◆ Task directions ◆
Begin at the line that holds "Remember 3er Leuchten" and retype every line through the end of the material, both included. Leave out the pictures.

....................

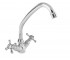 Двухвентильный смеситель для кухни QTAP MAYFAIR MAYFAIR-271F CRM KER MAYFAIR-271F CRM KER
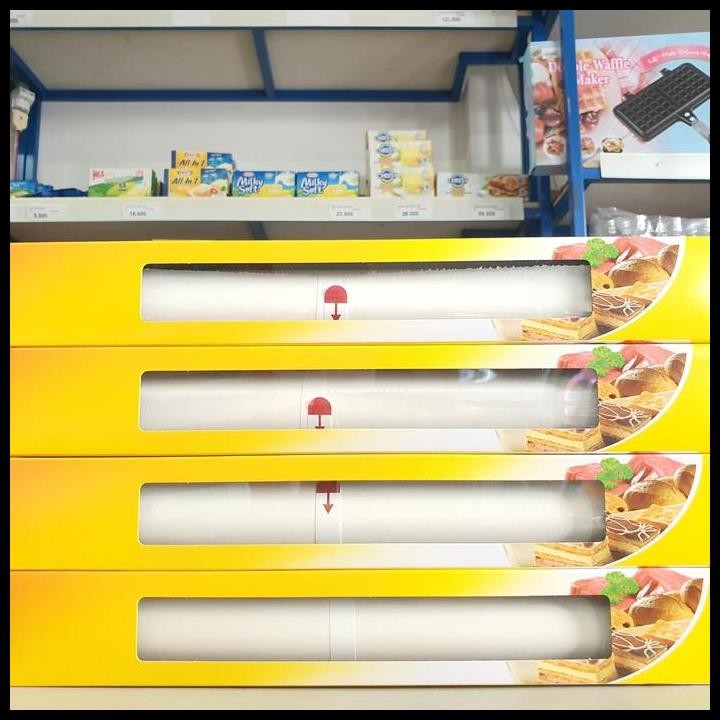 Terlaris BestFresh Baking Paper 30Cm X 10M / Baking Paper Best Fresh 30Cm x 10M Best Seller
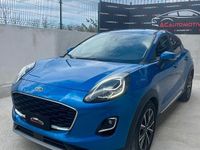 Usata Ford Puma Titanium 125 CV (91 kW) 2020 Blu SUV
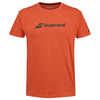 Koszulka Babolat Exercise Tee Fiesta Red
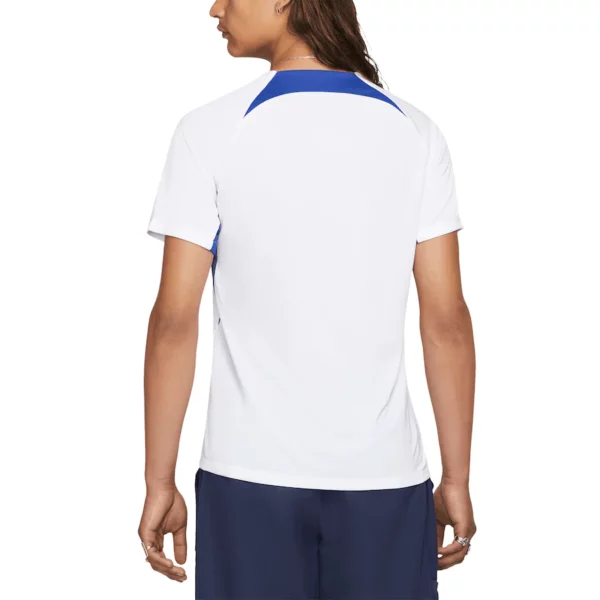 Maillot Equipe de France 2023 2024 Pre-Match Blanc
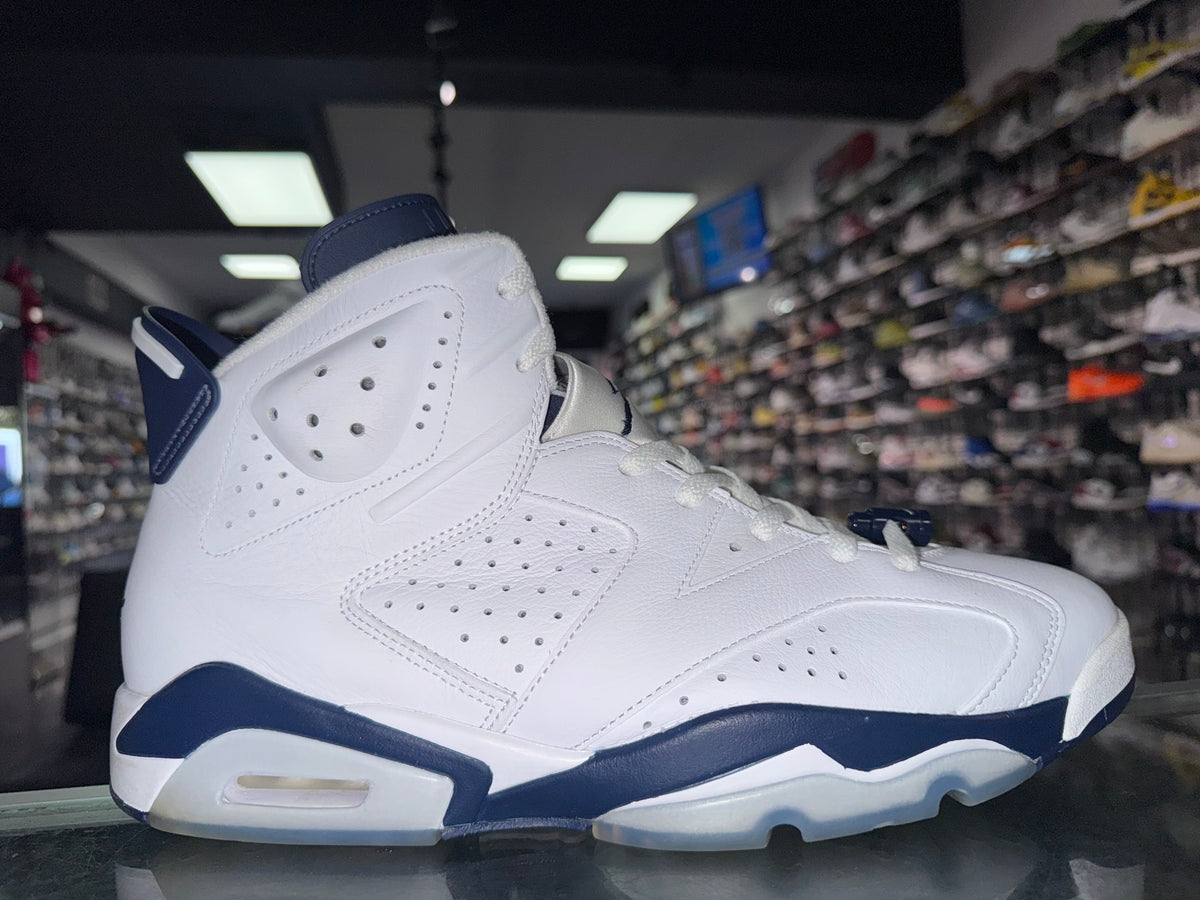 Size 13 Air Jordan 6 "Midnight Navy"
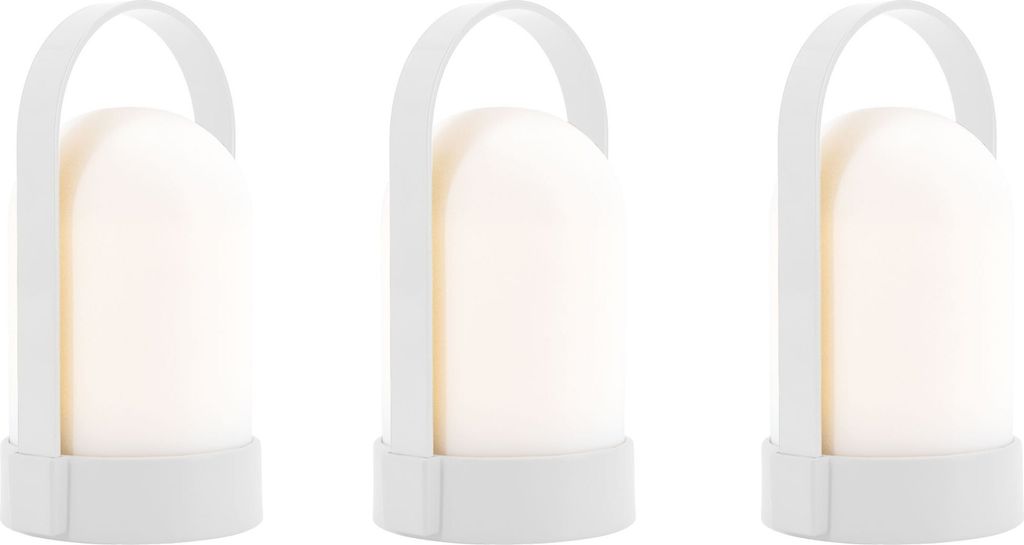 Remember 3er Leuchten URI Piccolos pure Höhe 15 cm Produktbild 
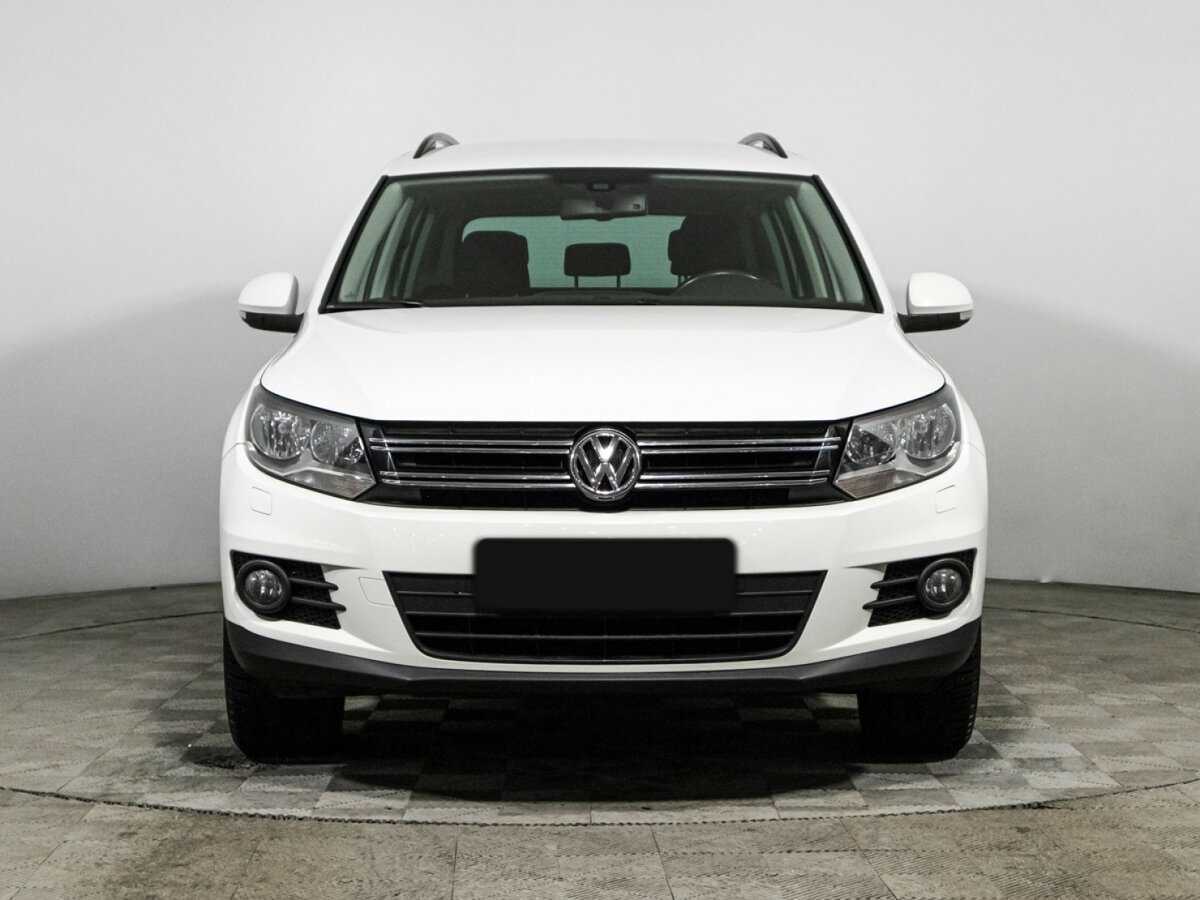 Купить Volkswagen Tiguan с пробегом. Фото: #1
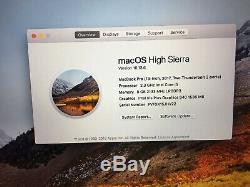 Apple MacBook Pro 13, 2.3 GHz Core i5, 8GB Ram, 128 SSD, 2017 (Q10)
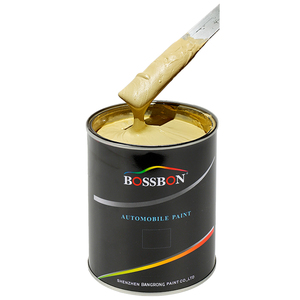 BOSSBON <strong>2k</strong> Putty Repair High Quality Metallic Polyester Putty Light Weight Body <strong>Filler</strong> Easy to Polish - Product Image 3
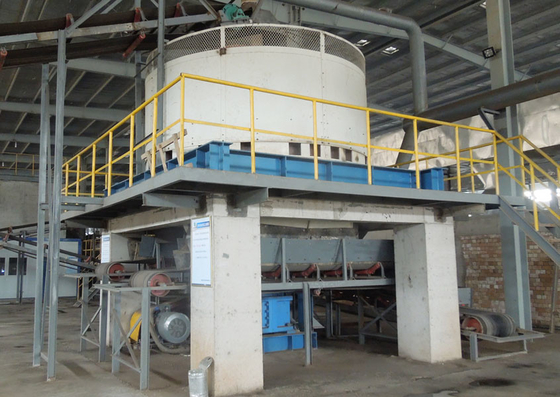 BBT Artiglio mattone Wet Pan Mill / Wet Grinding Mill per la fabbricazione di ceramica di mattoni cavi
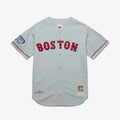 Pedro Martinez #45 Boston Red Sox 2004 Authentic Road Jersey - Gray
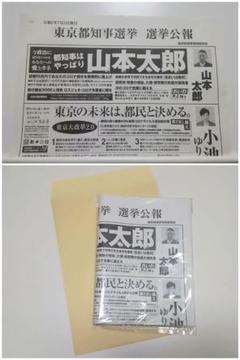 東京都知事選 2020 選挙公報
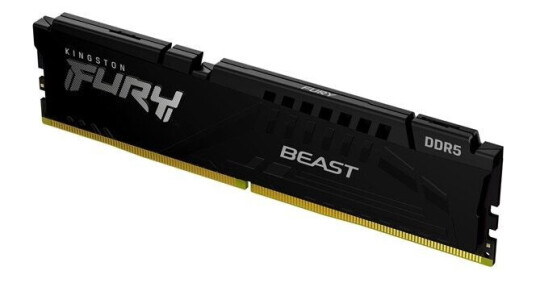 Kingston FURY Beast 32GB DDR5 6000MHz RAM med AMD EXPO og Intel XMP - Svart Kingston FURY Beast 32GB DDR5 6000MHz RAM med AMD EXPO og Intel XMP - Svart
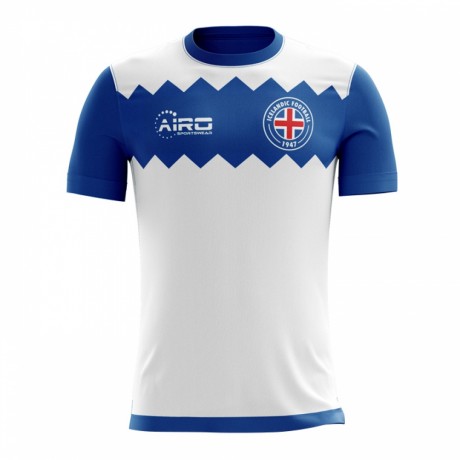 2025-2026 Iceland Away Concept Football Shirt (Kids)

....................

◆ Finished exercise ◆
 Remember 3er Leuchten URI Piccolos pure Höhe 15 cm Produktbild 
 Купить Volkswagen Tiguan с пробегом. Фото: #1
 Apple MacBook Pro 13, 2.3 GHz Core i5, 8GB Ram, 128 SSD, 2017 (Q10)
 BOSSBON <strong>2k</strong> Putty Repair High Quality Metallic Polyester Putty Light Weight Body <strong>Filler</strong> Easy to Polish - Product Image 3
 BBT Artiglio mattone Wet Pan Mill / Wet Grinding Mill per la fabbricazione di ceramica di mattoni cavi
 Pedro Martinez #45 Boston Red Sox 2004 Authentic Road Jersey - Gray
 東京都知事選 2020 選挙公報
 Kingston FURY Beast 32GB DDR5 6000MHz RAM med AMD EXPO og Intel XMP - Svart Kingston FURY Beast 32GB DDR5 6000MHz RAM med AMD EXPO og Intel XMP - Svart
 2025-2026 Iceland Away Concept Football Shirt (Kids)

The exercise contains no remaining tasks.